Real-time spectroscopic ellipsometry studies of the growth of amorphous and epitaxial silicon for photovoltaic applications

Abstract

In situ monitoring of material properties during thin-film deposition provides researchers with a valuable tool for maximizing solar cell performance, while also enabling efficient exploration of deposition parameter space. This article describes how our research team has utilized in situ real-time spectroscopic ellipsometry (RTSE) to maximize our productivity in two related projects.
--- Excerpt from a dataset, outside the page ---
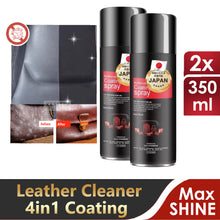 Load image into Gallery viewer, (SG Stock) 4 in 1 Multipurpose Leather Cleaner Spray l Coating Wax car and home dual use l Polish high shine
We are using hot wire chemical vapor deposition (HWCVD) for low-temperature (90–235 °C) deposition of very thin films of amorphous hydrogenated silicon for amorphous Si∕crystal-Si heterojunction (SHJ) solar cells. We are also using HWCVD for low-temperature (200–440 °C) deposition of epitaxial films of silicon on crystal-Si substrates. We utilize RTSE as both an in situ diagnostic and a postgrowth analysis tool for SHJ solar cells and epi-Si films grown by HWCVD. Using input from RTSE analysis we have achieved a photovoltaic energy conversion efficiency of 17.1% on an Al-backed p-type float-zone c-Si wafer. Epi-Si films have been grown as thick as 500 nm utilizing parameter optimization based on RTSE analysis.